**Action item:** For this exercise, output the line containing "Townley Girl Hello" and every line after it through the end of the records, exactly, and no other line.

Extracted records:
━━━━━━━━━━

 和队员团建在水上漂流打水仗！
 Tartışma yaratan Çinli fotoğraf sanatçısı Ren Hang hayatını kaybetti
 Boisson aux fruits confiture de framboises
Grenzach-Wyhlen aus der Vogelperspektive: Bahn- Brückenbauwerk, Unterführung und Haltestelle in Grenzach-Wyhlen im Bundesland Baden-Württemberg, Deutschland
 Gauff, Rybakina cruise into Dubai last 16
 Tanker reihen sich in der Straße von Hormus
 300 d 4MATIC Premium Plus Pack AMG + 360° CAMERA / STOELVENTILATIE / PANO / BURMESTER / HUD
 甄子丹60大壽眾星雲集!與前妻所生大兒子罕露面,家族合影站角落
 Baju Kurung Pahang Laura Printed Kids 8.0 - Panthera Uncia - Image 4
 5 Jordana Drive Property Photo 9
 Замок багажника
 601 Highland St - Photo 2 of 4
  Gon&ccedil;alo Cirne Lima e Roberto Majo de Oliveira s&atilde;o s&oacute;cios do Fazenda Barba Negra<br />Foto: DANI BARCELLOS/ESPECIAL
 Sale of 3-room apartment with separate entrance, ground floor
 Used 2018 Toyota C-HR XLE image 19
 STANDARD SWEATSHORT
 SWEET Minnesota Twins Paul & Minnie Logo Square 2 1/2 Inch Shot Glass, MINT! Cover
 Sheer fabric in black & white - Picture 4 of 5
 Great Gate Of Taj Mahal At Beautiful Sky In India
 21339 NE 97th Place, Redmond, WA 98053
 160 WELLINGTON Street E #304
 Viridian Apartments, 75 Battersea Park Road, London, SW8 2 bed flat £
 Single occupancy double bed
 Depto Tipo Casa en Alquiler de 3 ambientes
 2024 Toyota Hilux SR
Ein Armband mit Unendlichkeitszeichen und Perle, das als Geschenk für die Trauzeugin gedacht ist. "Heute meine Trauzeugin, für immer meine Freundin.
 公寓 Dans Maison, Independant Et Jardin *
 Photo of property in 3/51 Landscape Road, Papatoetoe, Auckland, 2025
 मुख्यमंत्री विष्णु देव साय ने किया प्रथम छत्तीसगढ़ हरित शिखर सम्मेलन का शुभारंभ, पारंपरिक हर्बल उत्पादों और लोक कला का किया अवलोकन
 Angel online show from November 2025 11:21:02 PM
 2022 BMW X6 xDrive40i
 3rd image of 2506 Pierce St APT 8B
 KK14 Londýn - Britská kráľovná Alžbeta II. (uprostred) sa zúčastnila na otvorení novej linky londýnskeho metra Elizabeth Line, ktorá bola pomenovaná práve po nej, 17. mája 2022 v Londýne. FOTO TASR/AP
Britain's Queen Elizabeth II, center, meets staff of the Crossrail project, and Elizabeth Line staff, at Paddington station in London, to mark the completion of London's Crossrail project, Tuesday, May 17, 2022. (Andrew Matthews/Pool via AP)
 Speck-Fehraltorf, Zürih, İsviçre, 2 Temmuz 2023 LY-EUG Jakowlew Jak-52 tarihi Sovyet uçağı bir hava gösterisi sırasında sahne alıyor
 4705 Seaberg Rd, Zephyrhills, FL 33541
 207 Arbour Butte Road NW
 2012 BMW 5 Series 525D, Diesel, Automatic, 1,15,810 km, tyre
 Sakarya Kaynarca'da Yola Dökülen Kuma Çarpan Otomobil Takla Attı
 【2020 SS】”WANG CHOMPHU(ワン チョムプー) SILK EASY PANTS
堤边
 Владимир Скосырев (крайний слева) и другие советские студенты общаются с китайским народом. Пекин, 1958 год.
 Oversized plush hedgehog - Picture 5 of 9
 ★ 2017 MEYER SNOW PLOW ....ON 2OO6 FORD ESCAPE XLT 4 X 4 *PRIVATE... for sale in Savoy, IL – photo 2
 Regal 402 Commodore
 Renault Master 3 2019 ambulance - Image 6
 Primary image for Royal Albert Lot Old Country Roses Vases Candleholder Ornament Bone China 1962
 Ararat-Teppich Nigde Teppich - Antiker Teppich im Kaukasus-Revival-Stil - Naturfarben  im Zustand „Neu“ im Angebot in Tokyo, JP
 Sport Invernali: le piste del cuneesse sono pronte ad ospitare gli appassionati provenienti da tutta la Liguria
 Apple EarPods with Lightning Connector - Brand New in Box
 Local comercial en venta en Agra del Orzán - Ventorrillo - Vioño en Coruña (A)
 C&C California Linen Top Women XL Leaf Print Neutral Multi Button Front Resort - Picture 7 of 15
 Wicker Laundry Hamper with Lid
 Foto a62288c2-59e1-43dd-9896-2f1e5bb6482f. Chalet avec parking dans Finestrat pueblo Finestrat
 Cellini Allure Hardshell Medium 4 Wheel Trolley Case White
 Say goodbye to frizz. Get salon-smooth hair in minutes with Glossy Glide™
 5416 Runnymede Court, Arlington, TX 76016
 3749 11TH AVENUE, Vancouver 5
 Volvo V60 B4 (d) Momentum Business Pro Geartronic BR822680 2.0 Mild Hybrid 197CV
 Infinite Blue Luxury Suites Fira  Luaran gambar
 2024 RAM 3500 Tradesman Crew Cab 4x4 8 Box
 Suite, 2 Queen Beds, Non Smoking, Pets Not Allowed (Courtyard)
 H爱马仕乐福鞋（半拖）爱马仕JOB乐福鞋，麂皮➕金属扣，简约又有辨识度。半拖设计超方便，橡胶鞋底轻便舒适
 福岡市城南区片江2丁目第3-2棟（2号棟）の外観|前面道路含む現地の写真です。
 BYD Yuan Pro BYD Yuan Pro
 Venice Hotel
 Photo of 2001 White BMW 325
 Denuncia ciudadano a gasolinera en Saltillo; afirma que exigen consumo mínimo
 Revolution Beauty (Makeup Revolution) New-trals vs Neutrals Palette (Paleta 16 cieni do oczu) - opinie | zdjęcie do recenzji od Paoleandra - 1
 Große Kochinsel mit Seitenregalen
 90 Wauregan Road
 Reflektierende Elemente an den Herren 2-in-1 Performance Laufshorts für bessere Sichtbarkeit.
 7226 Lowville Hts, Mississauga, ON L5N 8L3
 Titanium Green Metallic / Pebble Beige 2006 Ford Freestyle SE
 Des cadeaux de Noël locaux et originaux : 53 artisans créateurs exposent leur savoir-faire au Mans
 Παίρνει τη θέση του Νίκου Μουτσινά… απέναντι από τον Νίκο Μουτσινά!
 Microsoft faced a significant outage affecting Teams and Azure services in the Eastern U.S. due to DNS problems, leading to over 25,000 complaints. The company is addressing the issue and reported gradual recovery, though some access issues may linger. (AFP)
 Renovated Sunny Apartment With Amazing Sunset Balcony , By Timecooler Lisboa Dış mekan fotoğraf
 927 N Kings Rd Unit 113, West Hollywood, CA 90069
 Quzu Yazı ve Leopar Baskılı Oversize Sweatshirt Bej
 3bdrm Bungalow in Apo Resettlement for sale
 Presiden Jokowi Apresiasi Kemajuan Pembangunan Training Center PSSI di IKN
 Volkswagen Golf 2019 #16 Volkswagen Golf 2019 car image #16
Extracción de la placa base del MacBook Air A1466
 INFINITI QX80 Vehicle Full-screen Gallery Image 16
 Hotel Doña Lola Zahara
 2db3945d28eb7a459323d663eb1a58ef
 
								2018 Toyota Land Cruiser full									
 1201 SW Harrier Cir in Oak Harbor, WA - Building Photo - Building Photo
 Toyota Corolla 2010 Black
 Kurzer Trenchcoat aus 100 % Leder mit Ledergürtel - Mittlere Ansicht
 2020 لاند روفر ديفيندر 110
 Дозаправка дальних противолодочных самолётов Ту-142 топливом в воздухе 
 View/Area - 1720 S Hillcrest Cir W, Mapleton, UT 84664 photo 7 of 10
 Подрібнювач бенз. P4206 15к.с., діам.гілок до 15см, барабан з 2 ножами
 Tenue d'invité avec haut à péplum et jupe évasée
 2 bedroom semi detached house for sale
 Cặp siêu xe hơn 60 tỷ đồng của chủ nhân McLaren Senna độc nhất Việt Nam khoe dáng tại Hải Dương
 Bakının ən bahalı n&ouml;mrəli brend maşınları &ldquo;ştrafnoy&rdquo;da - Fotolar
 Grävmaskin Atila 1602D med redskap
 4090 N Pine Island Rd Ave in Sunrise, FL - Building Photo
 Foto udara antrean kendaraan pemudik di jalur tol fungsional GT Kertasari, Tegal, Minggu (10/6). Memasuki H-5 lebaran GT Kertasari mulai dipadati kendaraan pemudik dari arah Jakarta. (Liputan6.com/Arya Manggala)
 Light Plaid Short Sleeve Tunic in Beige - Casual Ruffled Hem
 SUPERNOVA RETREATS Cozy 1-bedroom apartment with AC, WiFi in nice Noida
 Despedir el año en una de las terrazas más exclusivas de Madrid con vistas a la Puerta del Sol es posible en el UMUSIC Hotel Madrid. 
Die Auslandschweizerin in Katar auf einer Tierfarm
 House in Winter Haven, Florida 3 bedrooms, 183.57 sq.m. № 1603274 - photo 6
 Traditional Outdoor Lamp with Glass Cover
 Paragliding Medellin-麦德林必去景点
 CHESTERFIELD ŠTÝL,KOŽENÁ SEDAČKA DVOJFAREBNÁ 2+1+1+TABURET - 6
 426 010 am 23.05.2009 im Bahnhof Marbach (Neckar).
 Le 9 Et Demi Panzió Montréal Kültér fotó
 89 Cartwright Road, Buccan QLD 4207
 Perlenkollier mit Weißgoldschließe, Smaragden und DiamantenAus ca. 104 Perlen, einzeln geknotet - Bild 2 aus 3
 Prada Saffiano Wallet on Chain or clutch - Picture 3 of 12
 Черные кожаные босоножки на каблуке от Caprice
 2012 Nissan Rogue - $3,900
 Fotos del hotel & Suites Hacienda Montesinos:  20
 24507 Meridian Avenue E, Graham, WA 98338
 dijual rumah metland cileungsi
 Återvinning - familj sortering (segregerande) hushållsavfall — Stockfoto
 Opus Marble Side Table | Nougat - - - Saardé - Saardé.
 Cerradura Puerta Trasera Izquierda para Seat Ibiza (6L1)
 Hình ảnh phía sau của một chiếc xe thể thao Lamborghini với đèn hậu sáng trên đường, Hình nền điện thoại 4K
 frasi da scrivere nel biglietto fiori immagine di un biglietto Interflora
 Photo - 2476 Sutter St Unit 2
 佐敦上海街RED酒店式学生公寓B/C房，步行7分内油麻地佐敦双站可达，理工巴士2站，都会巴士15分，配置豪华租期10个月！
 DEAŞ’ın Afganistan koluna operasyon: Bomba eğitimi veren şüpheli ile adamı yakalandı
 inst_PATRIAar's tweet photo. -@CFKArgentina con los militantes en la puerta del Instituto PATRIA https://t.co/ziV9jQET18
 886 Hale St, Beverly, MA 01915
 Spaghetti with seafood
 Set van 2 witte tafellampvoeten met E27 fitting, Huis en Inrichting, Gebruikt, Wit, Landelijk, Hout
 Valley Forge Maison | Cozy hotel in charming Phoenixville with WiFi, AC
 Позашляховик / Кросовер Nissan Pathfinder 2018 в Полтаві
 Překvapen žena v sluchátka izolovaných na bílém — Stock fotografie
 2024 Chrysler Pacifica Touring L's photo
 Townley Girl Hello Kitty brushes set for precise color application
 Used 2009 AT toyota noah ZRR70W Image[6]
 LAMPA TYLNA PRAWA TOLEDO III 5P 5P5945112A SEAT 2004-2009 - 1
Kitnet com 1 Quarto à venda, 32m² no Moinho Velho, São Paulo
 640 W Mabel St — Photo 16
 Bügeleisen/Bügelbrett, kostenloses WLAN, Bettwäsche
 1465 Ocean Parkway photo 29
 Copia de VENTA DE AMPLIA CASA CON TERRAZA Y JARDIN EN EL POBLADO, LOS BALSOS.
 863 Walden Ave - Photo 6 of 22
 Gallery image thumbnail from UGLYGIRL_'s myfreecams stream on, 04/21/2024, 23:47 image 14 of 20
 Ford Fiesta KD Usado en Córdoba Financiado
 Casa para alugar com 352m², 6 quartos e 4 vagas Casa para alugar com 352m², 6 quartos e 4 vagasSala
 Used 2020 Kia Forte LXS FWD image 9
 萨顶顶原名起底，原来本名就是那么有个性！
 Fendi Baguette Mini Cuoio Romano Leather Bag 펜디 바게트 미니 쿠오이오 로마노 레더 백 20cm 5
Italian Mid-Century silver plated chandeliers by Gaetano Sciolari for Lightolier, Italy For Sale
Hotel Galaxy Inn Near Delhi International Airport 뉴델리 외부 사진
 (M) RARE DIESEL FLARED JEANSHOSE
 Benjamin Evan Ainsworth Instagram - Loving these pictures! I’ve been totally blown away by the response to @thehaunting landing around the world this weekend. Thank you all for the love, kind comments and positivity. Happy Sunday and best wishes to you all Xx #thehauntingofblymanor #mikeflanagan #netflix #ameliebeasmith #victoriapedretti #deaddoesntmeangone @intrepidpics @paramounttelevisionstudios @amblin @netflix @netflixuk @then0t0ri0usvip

━━━━━━━━━━

**Your solution:**
 Townley Girl Hello Kitty brushes set for precise color application
 Used 2009 AT toyota noah ZRR70W Image[6]
 LAMPA TYLNA PRAWA TOLEDO III 5P 5P5945112A SEAT 2004-2009 - 1
Kitnet com 1 Quarto à venda, 32m² no Moinho Velho, São Paulo
 640 W Mabel St — Photo 16
 Bügeleisen/Bügelbrett, kostenloses WLAN, Bettwäsche
 1465 Ocean Parkway photo 29
 Copia de VENTA DE AMPLIA CASA CON TERRAZA Y JARDIN EN EL POBLADO, LOS BALSOS.
 863 Walden Ave - Photo 6 of 22
 Gallery image thumbnail from UGLYGIRL_'s myfreecams stream on, 04/21/2024, 23:47 image 14 of 20
 Ford Fiesta KD Usado en Córdoba Financiado
 Casa para alugar com 352m², 6 quartos e 4 vagas Casa para alugar com 352m², 6 quartos e 4 vagasSala
 Used 2020 Kia Forte LXS FWD image 9
 萨顶顶原名起底，原来本名就是那么有个性！
 Fendi Baguette Mini Cuoio Romano Leather Bag 펜디 바게트 미니 쿠오이오 로마노 레더 백 20cm 5
Italian Mid-Century silver plated chandeliers by Gaetano Sciolari for Lightolier, Italy For Sale
Hotel Galaxy Inn Near Delhi International Airport 뉴델리 외부 사진
 (M) RARE DIESEL FLARED JEANSHOSE
 Benjamin Evan Ainsworth Instagram - Loving these pictures! I’ve been totally blown away by the response to @thehaunting landing around the world this weekend. Thank you all for the love, kind comments and positivity. Happy Sunday and best wishes to you all Xx #thehauntingofblymanor #mikeflanagan #netflix #ameliebeasmith #victoriapedretti #deaddoesntmeangone @intrepidpics @paramounttelevisionstudios @amblin @netflix @netflixuk @then0t0ri0usvip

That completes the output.